A good contract allows for termination if one party violates their contractual obligations. Termination notice should also be included, for example, you may wish to have two week’s notice in the event of a potential termination.
If the contract is successfully performed by both parties, without breaches, termination will occur automatically. This can be interpreted from the basic terms of the contract.
Step 9: Ensure that the contract complies with relevant laws
In Australia, there are a wide range of laws affecting various industries and activities. Make sure that you research the legislation affecting your business dealings.
- For example, contracts for the sale of land or real estate must be written in order to be enforced.
- Employment contracts must include provisions detailed under any industrial awards, enterprise agreements, or workplace instruments affecting that particular employment scenario.

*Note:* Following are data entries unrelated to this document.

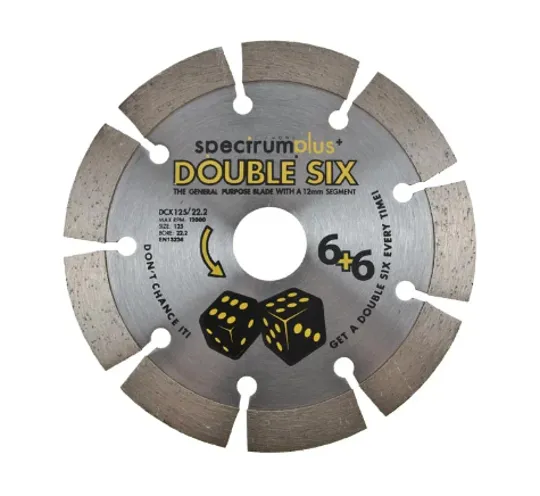 Spectrum DCX Plus Double Six GP 125mm Diamond Blade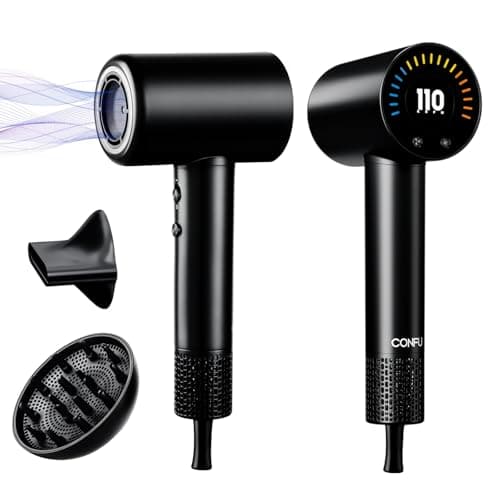 CONFU Hair Dryer, 110000 RPM Fast Drying Blow Dryer with Magnetic Diffuser and Concentrator, Professional Lightweight Ionic Hair Dryer for Women and Men - Image 1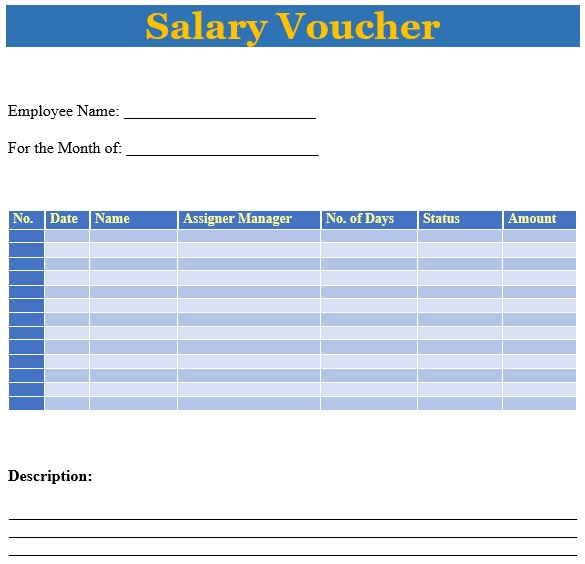 salary voucher template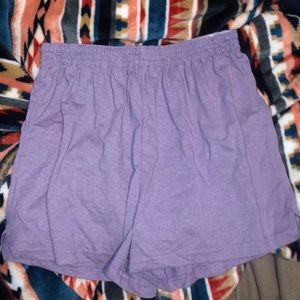 Light Purple Soffe Shorts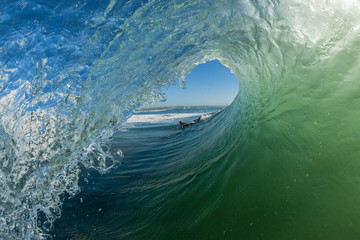 Wave Hollow Tube Ride Surfer Angle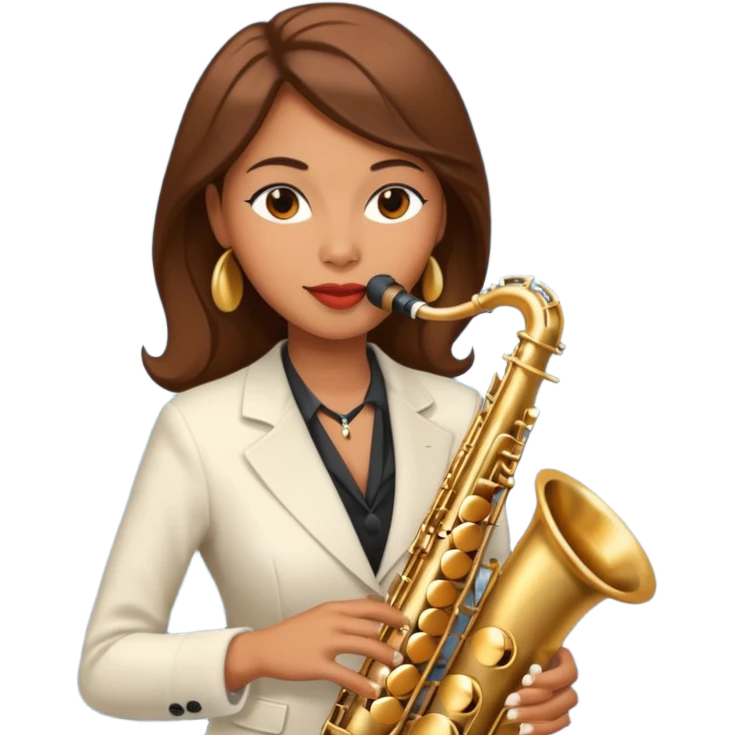 woman Swing jazz musician playing saxophone emoji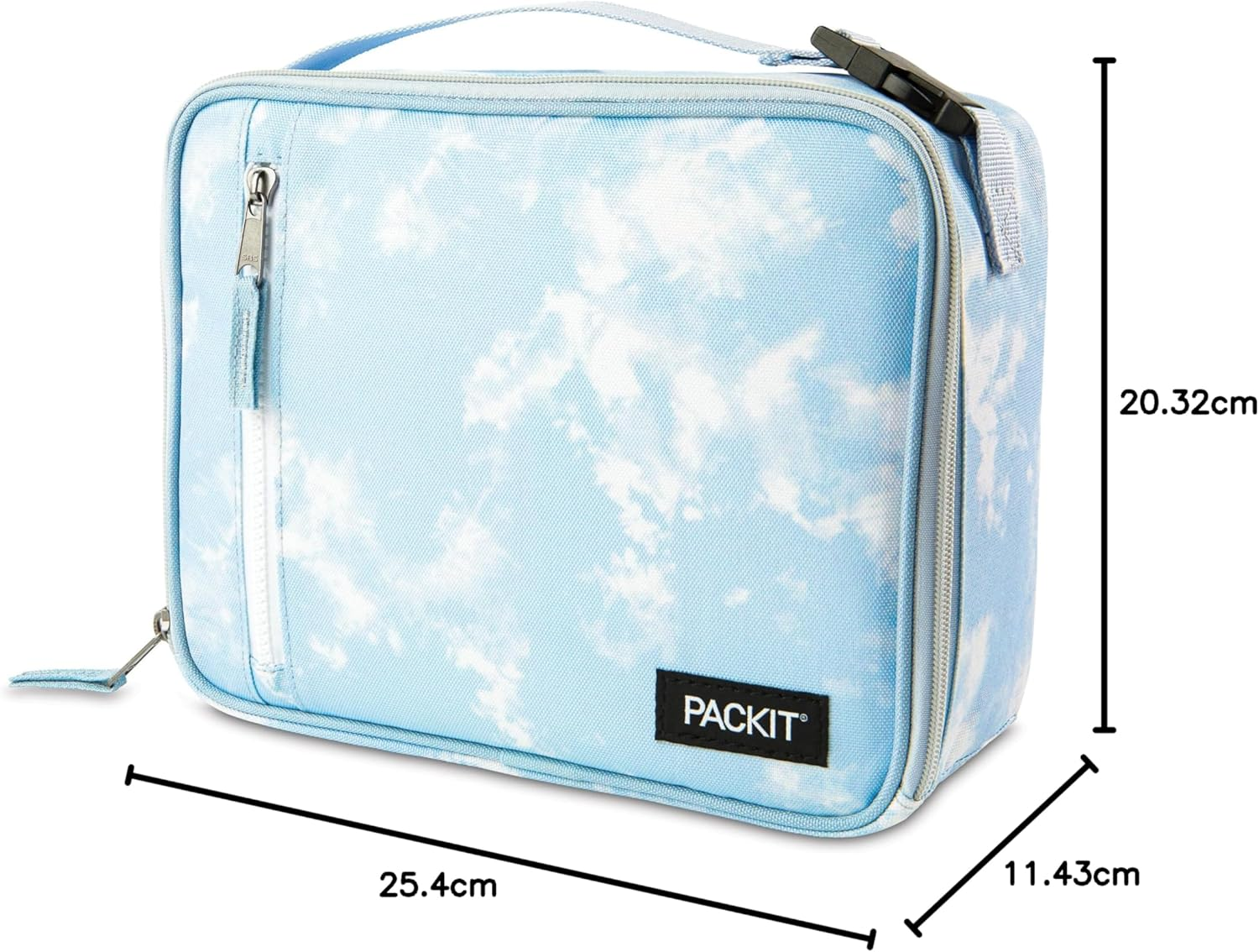 Packit Freezable Classic Lunch Box, Blue Sky - Checked Out image number 2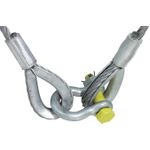 Sicherungsseil 1000x10mm m.Schäkel bis400kg (58010490)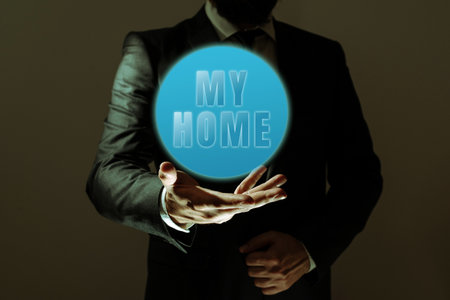 Writing displaying text My Home. Conceptual photo place you can feel comfortable cooking living and...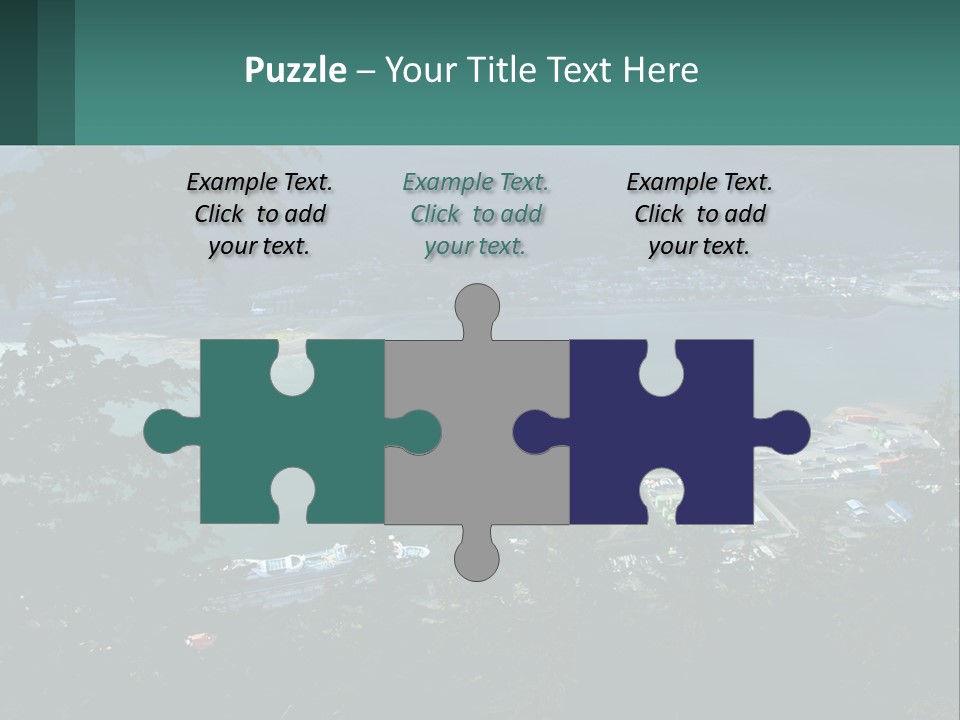 Pier Commerce Tourism PowerPoint Template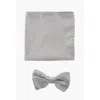 Corneliani Silk Satin Pocket Square And Bow Tie Set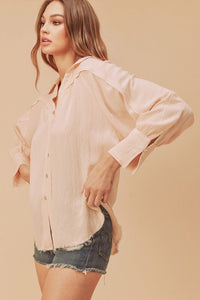 Mara Button Down Shirt - Happily Ever Atchison Shop Co.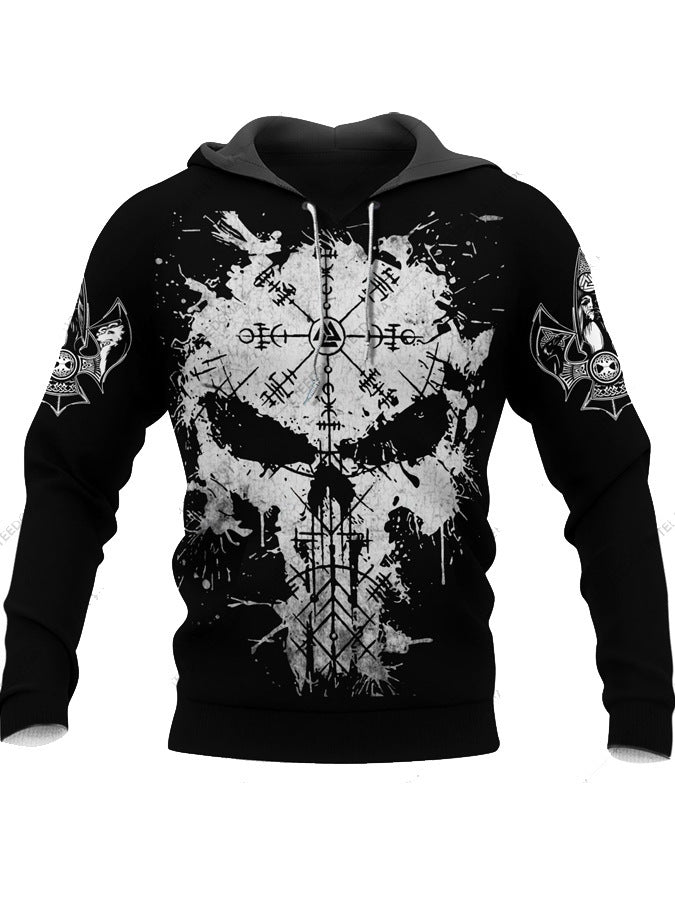 Fashion 3D Sweatshirt Men's Cool Viking Print
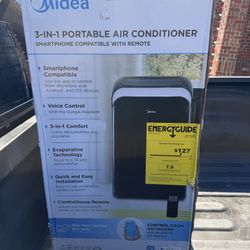 New Never Used Midea 10,300 BTU Portable AC 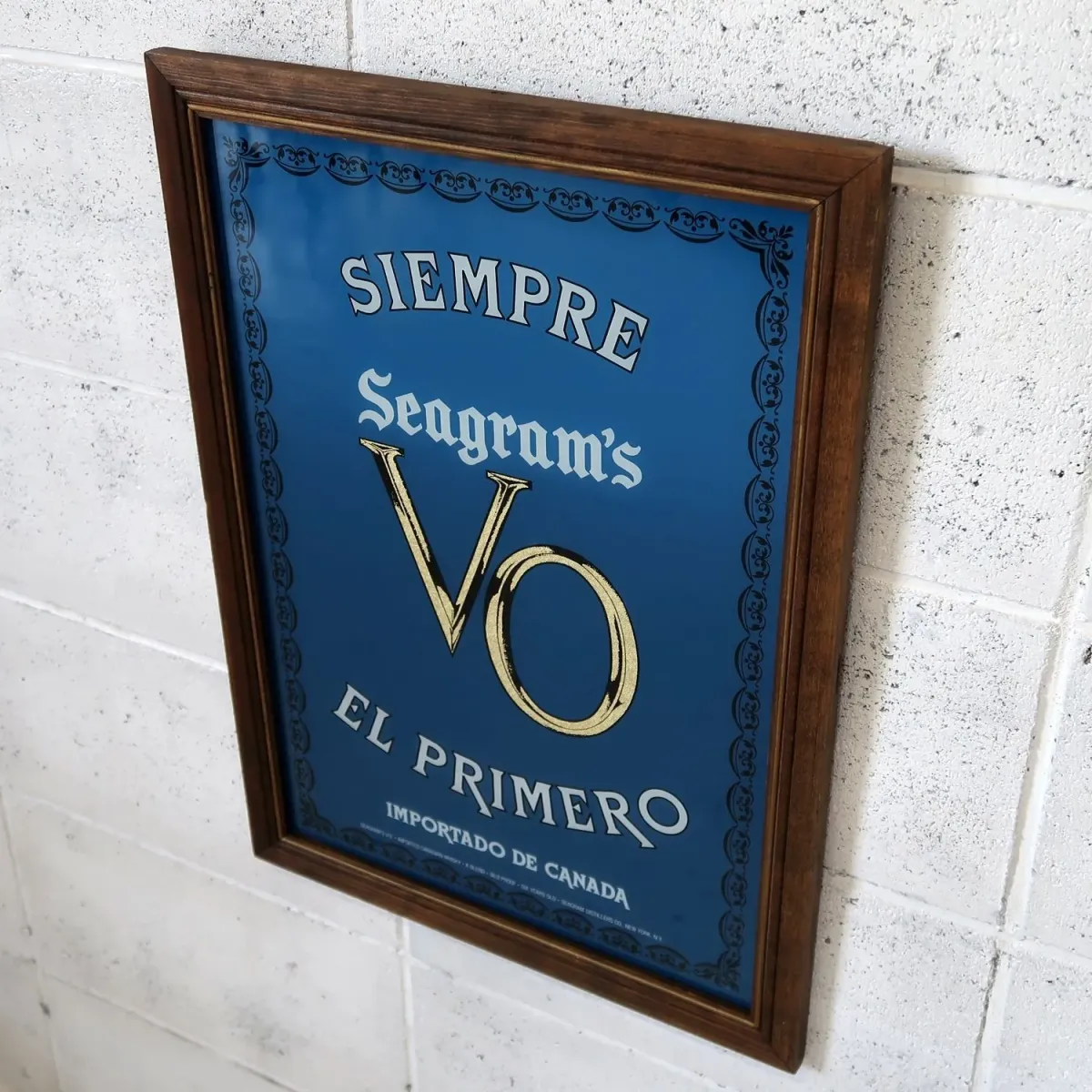 Seagram's VO ビンテージ パブミラー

Step 10: Have a lawyer review the contract
A legal professional can verify that your contract is enforceable and that it does not contravene any relevant laws. They can also assist you with the wording of the agreement and important sections such as the termination clause. A lawyer is also able to advise you of available remedies to be referred to in the event of a breach of contract.
Making the deal
When the contract has been drafted, ask the other party to review it. Ensure that they review its terms and conditions thoroughly to prevent misunderstandings.
If the other party makes a counteroffer, consider it carefully and determine how it might fit in with the rest of the contract as well as your business goals.
If the other party is taking a long time to accept an offer, you are able to revoke that offer before it is accepted. Once an offer has been accepted, it is unable to be revoked.
Understand your liability under the contract
Once signed, a contract can be legally enforced through the legal system. This means you are bound to its terms, and must perform them according to the agreement set out in the contract.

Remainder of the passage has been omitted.